This is a commanding painting: physically large and immersive in its depth beyond the surface. Frank’s surfaces are true objects of fetish, impossibly luscious molasses creations of dyed varnish, oxide and chemical reaction – sulfur and phosphorous amongst others are used, but the exact recipe is a well-kept secret. A viewer will find themselves mirrored in this infinite gloss, bulging outward and upward with each rivulet and mutation of colour.

The title, plucked from obscurity ‘Surely not, for little did he think could come of it. The problem was little was the means method and outcome’ wends its own way about the painting, recalling the wise-guy-speak of a 1950s mobster. Charmingly it leads the viewer further down the rabbit hole.

Painting for Frank is a performative act of endurance. It can take up to eight hours for a single movement of varnish over canvas to unfold as the artist intends. A prostrated canvas is raised and tilted from below, with Frank responding at each second to the creative process. As noted by Christopher Chapman, Frank ‘relates conceptually to synaptic, molecular and libidinal energies and electrical flows.’

‘Frank foregrounds the physical and psychological experiences of his creation of the works and our experience of them. For Frank the act of painting not only produces a static two-dimensional image, but also is an idea bound up with performance and time. These paintings suggest worlds that might be cosmic or quantum in scale, delirious and spectacular in their internal colour and form relations… they appear animate, full of pulsing sensation and rippling spatiality.’ (Christopher Chapman, ‘So far: the art of Dale Frank 2005-1980’, Schwartz City, 2007)

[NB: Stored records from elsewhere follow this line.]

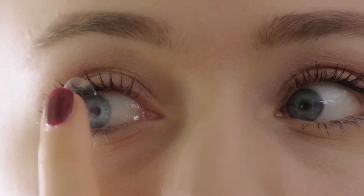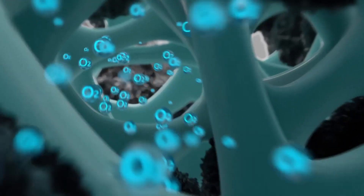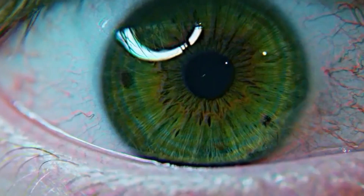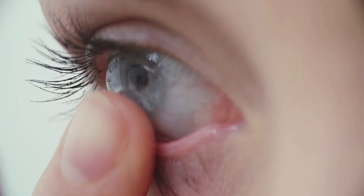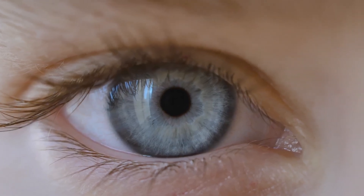Our cornea is the only area of our body that receives oxygen directly from air. That's why contact lenses have large amounts of tiny pores to allow oxygen to reach our cornea. When tear proteins are absorbed into the contact lenses' body, they will block the air, resulting in dryness of your eyes. Removing tear protein and restoring oxygen transmissibility is the key factor for contact lens care.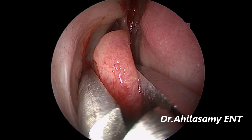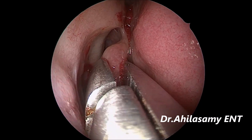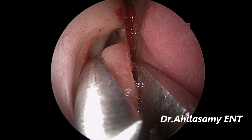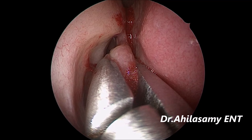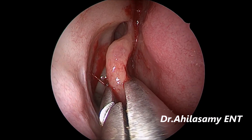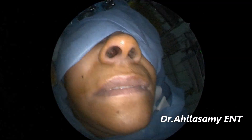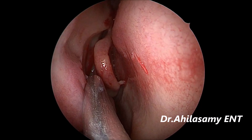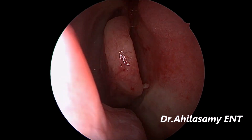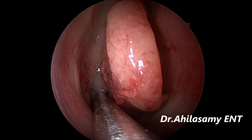Before crushing you couldn't see the middle meatal space. Now after crushing you should have a good look at the space — a good space in the middle meatus to work. You should see completely the uncinate and the part of the bulla which comes out. Gently crush — do not damage the mucosa. Patients are very comfortable under local anesthesia with good IV sedation of fentanyl and dexmedetomidine. See, the uncinate is fully visible and the bulla is also seen. It has now become like a normal middle turbinate.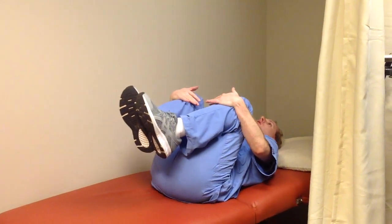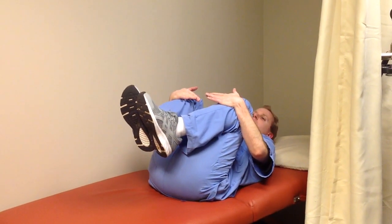Then we're actually going to bring both legs in to your chest and hold that for one minute. This really helps a lot of our patients that are really sedentary and hard to actually get up and move, and it can really help them get moving and out of pain a lot faster.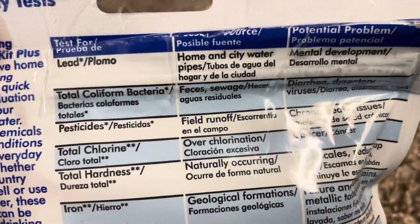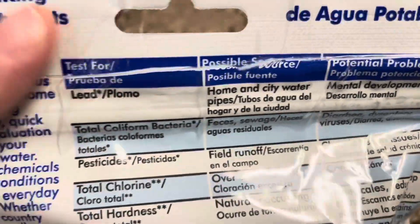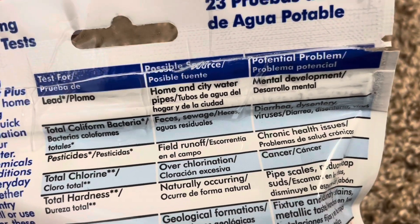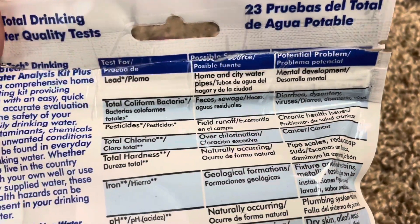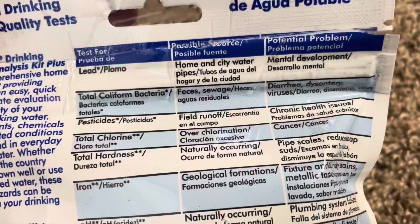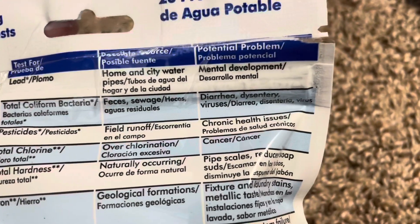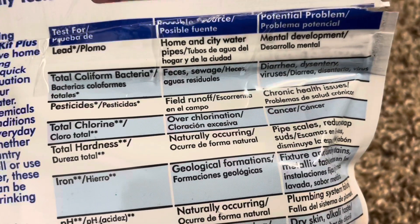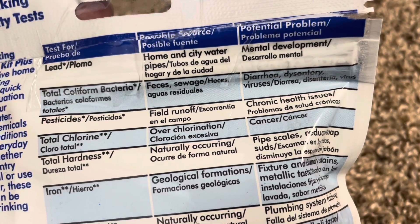It tests for lead — possible source: home and city water pipes. Total coliform bacteria — possible source: feces, sewage; possible problems: diarrhea, dysentery, viruses. Pesticides — possible source: field runoff; possible problem: chronic health issues.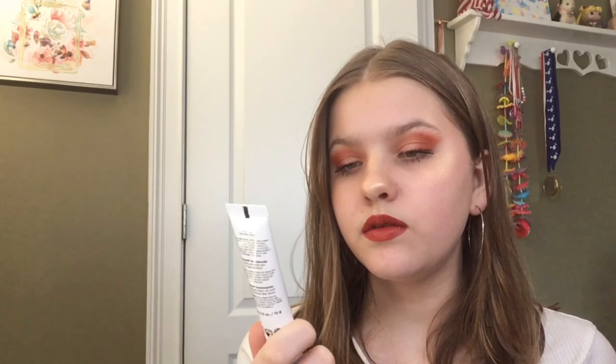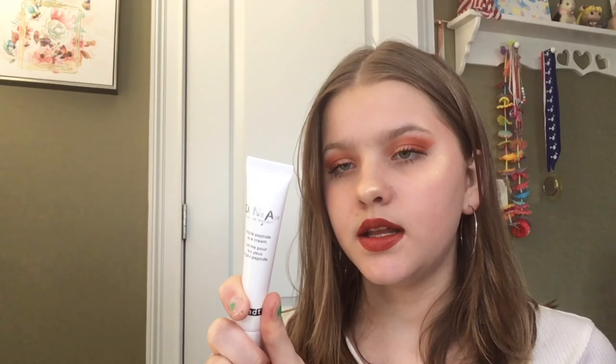The next product is this Dr. Brandt Triple Peptide Eye Cream. Interestingly, about two days before I got my box I threw away my old eye cream because it had expired, and then I got this — what a coincidence. There's a really decent amount in here, and you only need a little bit of eye cream at a time.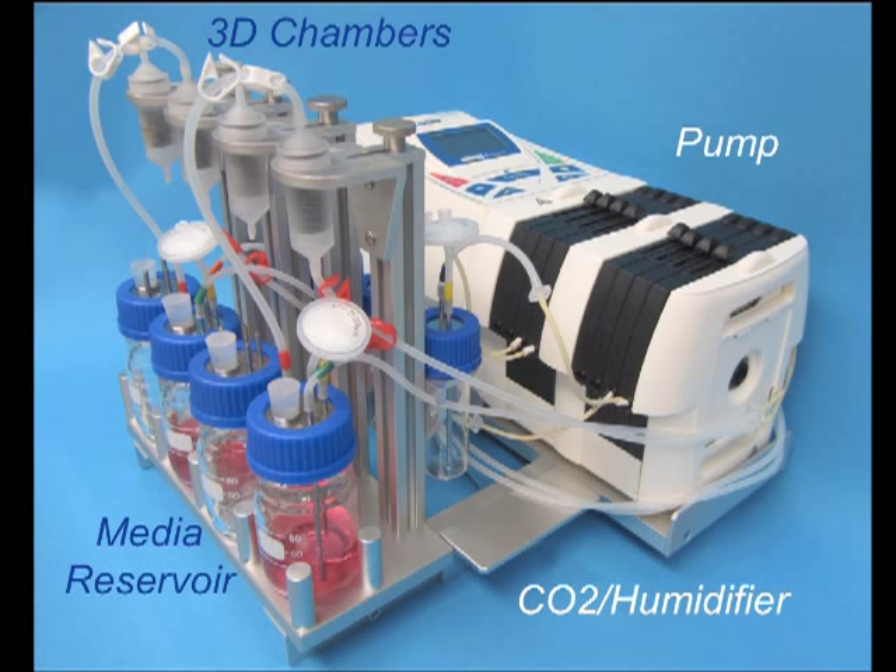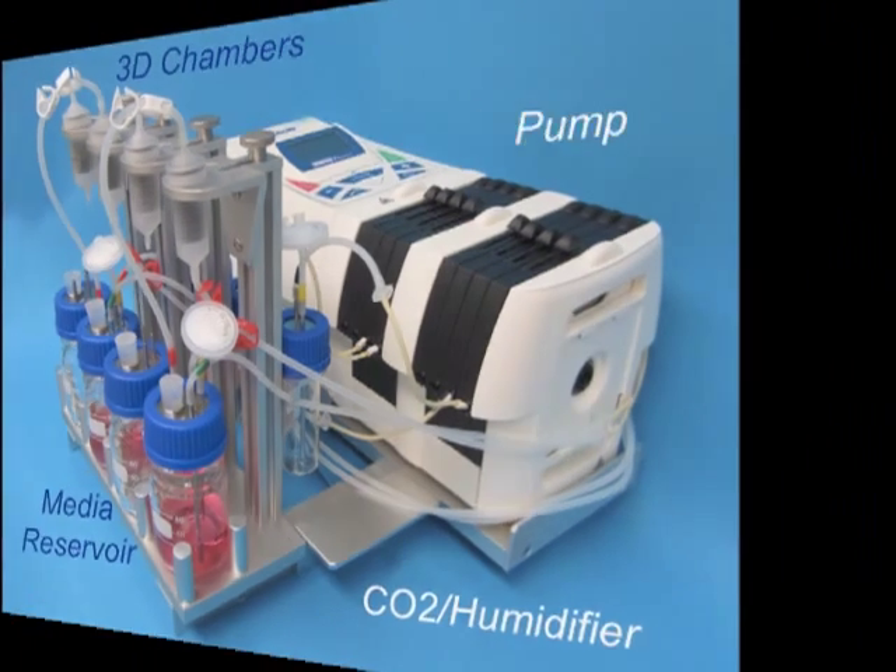The 3D perfusion bioreactor is composed of four major parts: a peristaltic pump, four media reservoir bottles, four 3D bioreactor chambers, and four CO2 humidifier bottles. Cells will grow on stacked scaffolds in the bioreactor chamber while nutrients perfuse the scaffolds continuously in a recirculation loop.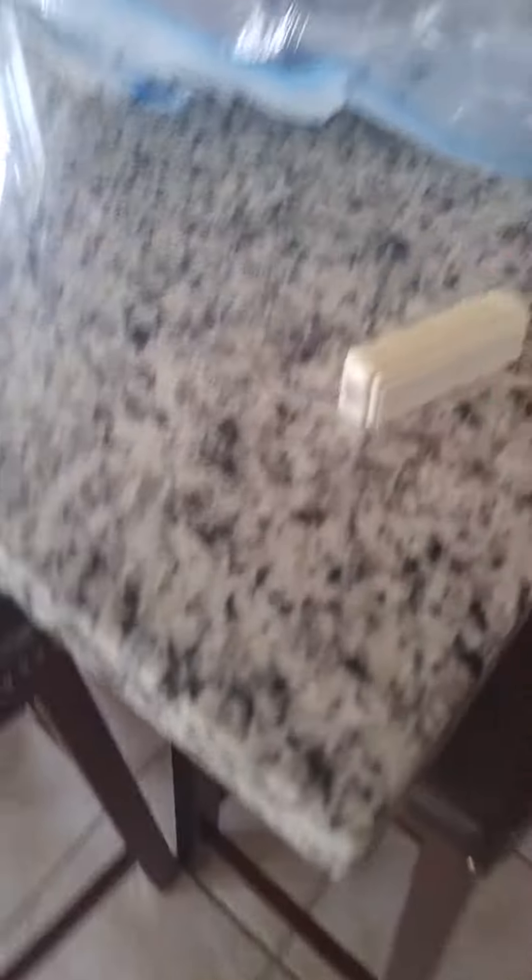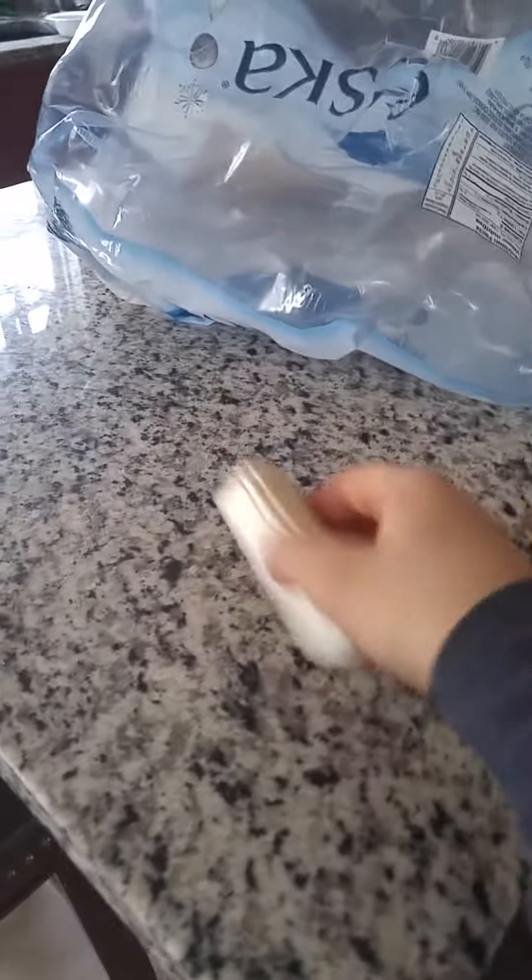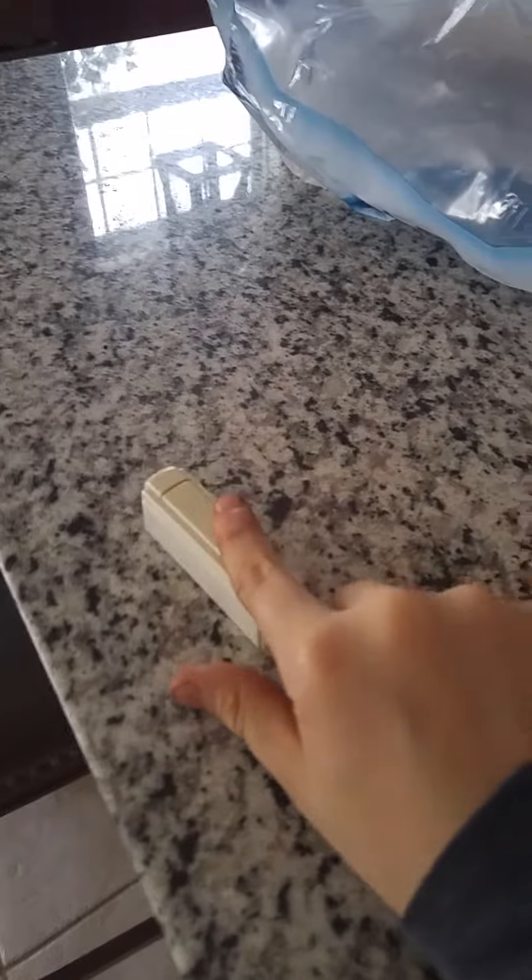Hands. Look at this. Always have dirty hands. Are you tired of that? Well, coronavirus helps you with that.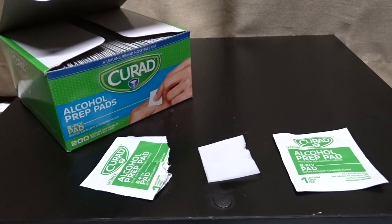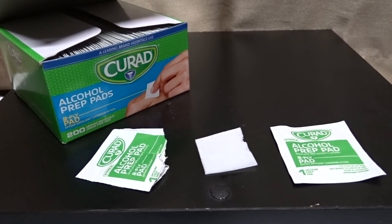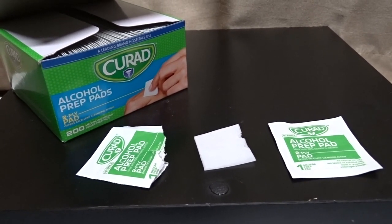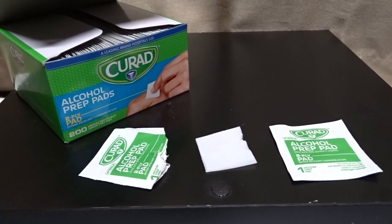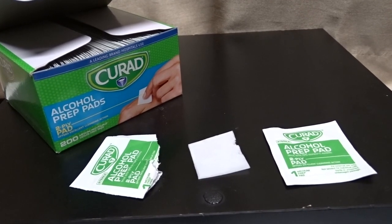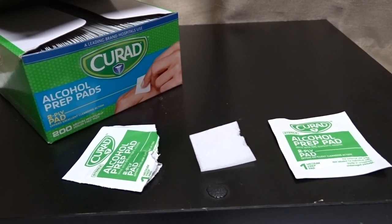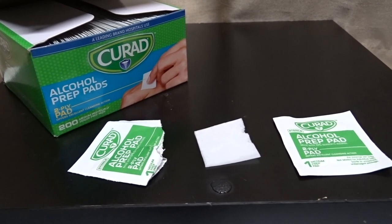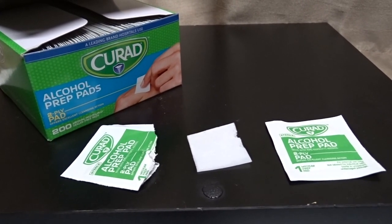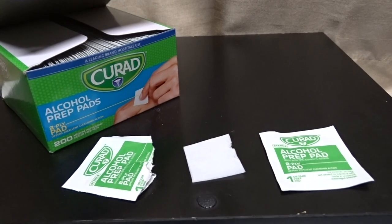I've worked in the lab for a while and we have to use these quite often because we extract blood from people using needles. It's really necessary to have a good alcohol swab to clean the area — you don't want any infection to happen. We swear by Curad for our patients; it's really important to choose a good swab so nobody comes back saying you caused an infection. These work very well and I'll continue to use them.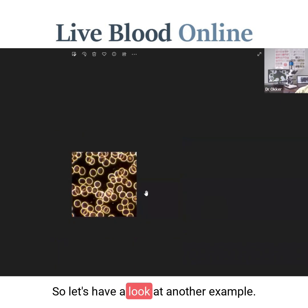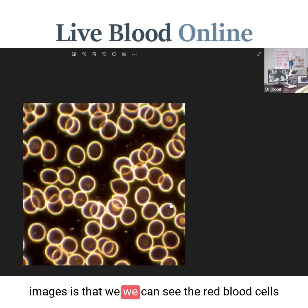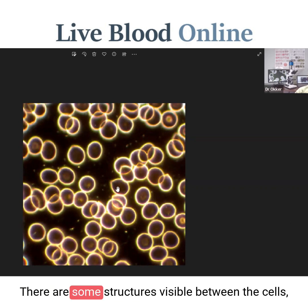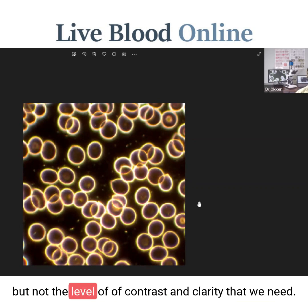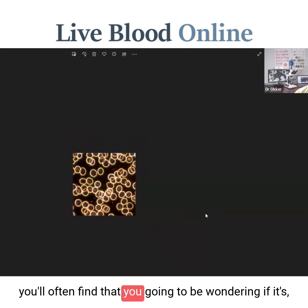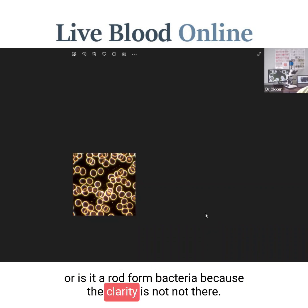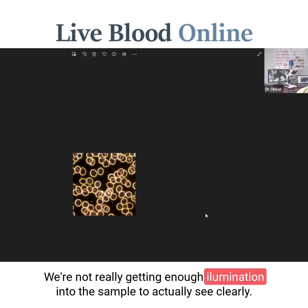With these types of dark field images you'll notice right away we can see the red blood cells but not really much else. There are some structures visible between the cells — some things in the plasma — but not the level of contrast and clarity that we need. When you work with a microscope like this, you'll often find yourself wondering: is it a chondrite, or an acid, or some uric acid, or is it a rod form bacteria? Because the clarity is just not there — we're not getting enough illumination into the sample to actually see clearly.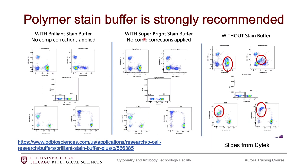When polymer fluorophores are combined in the same tube, they start sticking together and you get unusual patterns in your data that look like unmixing errors but are actually caused by the polymer dyes aggregating. Use either the Brilliant Stain Buffer or Super Bright Stain Buffer when combining multiple fluorophores in the same tube — your fully stained tube and your FMOs — but not for single stain tubes or compensation beads. Also, add the buffer to the tube first, then add your antibodies; don't mix antibodies together first and then add the buffer.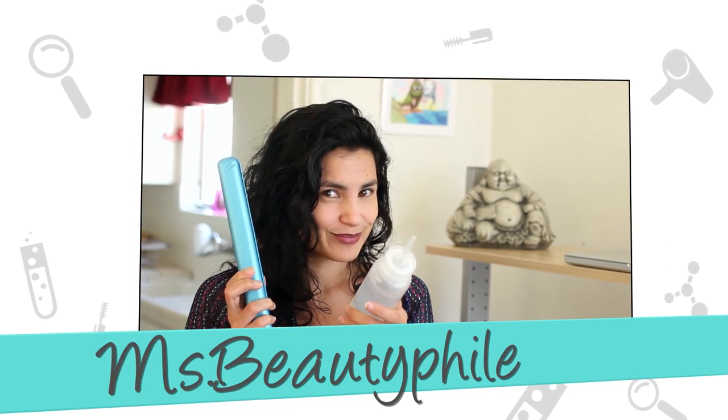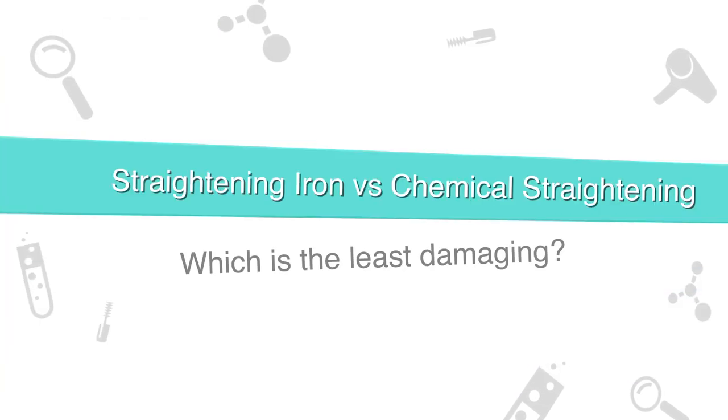The answer involves bonds — not James Bond, or bail bonds, or even investment bonds for that matter. I'm talking hair bonds. They link the proteins in your hair together to give them strength, and they help take your hair from curly to straight.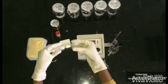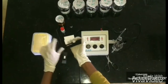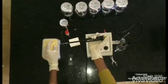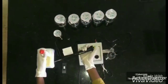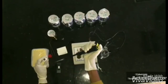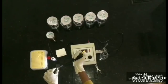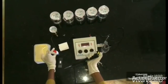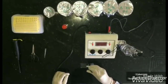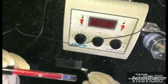One by one centimeter of nitrocellulose membrane is cut down into pieces. 20 microliters of uricase enzyme is pipetted. It is then incorporated in the polymer film. It is kept for air drying. The film is anchored in the reference platinum electrode.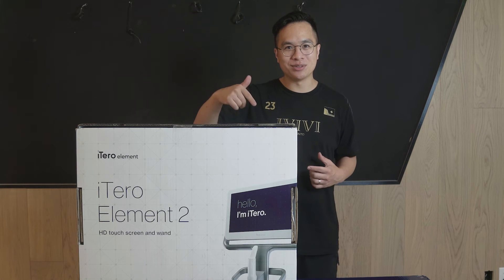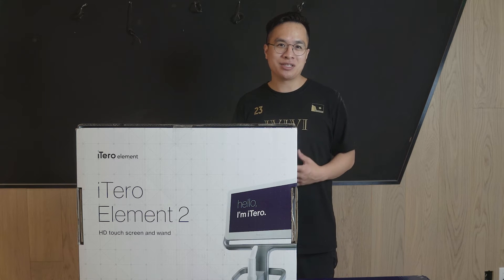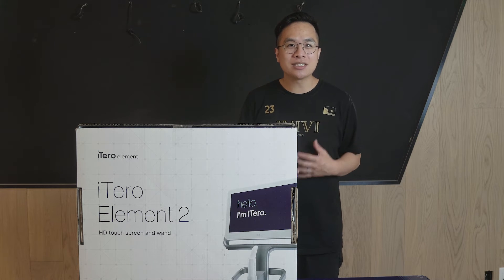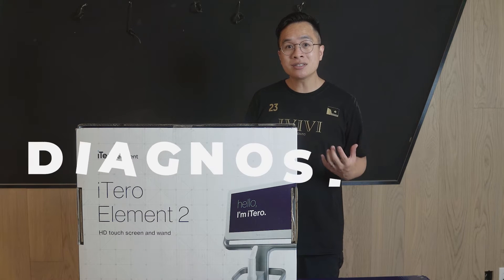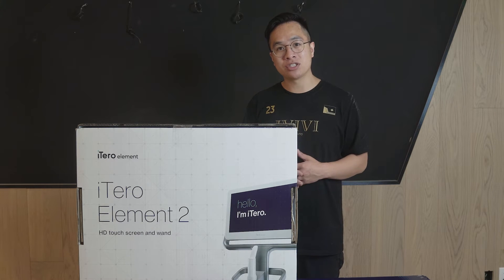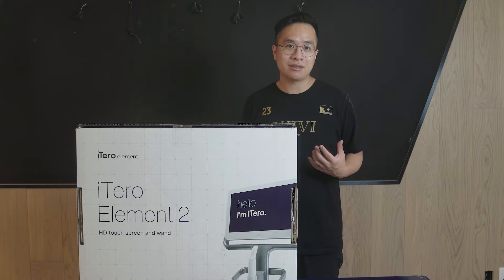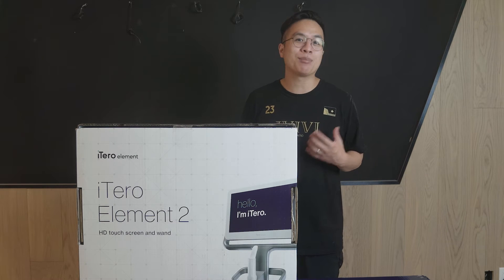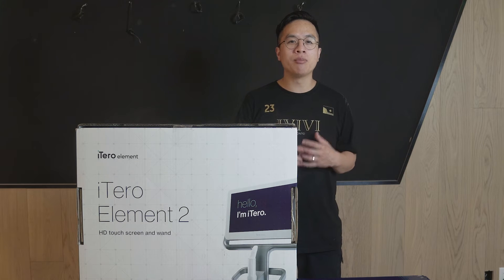We have a good unboxing here for you today — we're going to be unboxing and assembling a brand new iTero Element 2. Intraoral scanners, or IOS for short, are able to elevate patient care and it's a game-changing tool for the modern dentist. IOS allows us to create 3D renderings of patients' teeth. Some uses include diagnoses — for example, we can track wear or even movement of teeth using the time-lapse feature, orthodontic treatment using clear aligners like Invisalign, and restorative dentistry like crown and bridge, so we don't have to take those goopy messy impressions anymore.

  • Surely not, for little did he think little could come of it. The problem was little was the means method and outcome.

Image courtesy of Roslyn Oxley9 Gallery, Sydney and the artist


View artist profile

With a career as both a performance artist and an abstract painter, Dale Frank’s ability to cross media and experiment with form and different methods of artistic experience has made his work deeply engaging with audiences around the world. Born in Singleton, New South Wales, in 1959, Frank lives and works in the Hunter Valley.

Frank began exhibiting in Australia in the mid-1970s, with periods spent working across Europe and the United States. With over four decades of practice, Frank has had a vastly experimental relationship with conceptual installation and a range of materials. In recent years, varnish and enamel have been mainstays, which he has skilfully manipulated to nebulous forms and surfaces in the colourful, poured paintings for which he has become well known. The final surfaces are sleek and polished, giving a liquid quality to the abstract, brightly coloured forms that lie beneath. Just like his performance art, which often aimed to engage the sense of touch or sound as well as sight, his paintings are visceral and tactile, with great attention paid to form and surface.

Frank’s international exhibiting career began at P.S.1, New York, (now MOMA PS1) in 1981. In 1983 Frank was included in the exhibition Panorama della post - critica: critica ed arte at the Museo Palazzo Lanfranchi in Pisa alongside Thomas Lawson and Anselm Kiefer, curated by Helena Kontova. The following year he was shown in the Aperto section of the 1984 Venice Biennale. In 2000 a twenty-year survey of Frank’s work, Ecstasy – 20 Years of Painting, was mounted at the Museum of Contemporary Art, Sydney. 

In 2007 a monograph on Dale Frank was published by Black Inc Books, So Far: the Art of Dale Frank 2005-1980. Frank’s work is held in all major Australian national and state galleries, as well as in the Auckland Art Gallery Toi o Tamaki, New Zealand, the Museum of New Zealand Te Papa Tongarewa, Wellington, New Zealand, the Museum of Fine Arts, Boston, the Solomon R. Guggenheim Museum, New York, the Zurich Kunsthaus.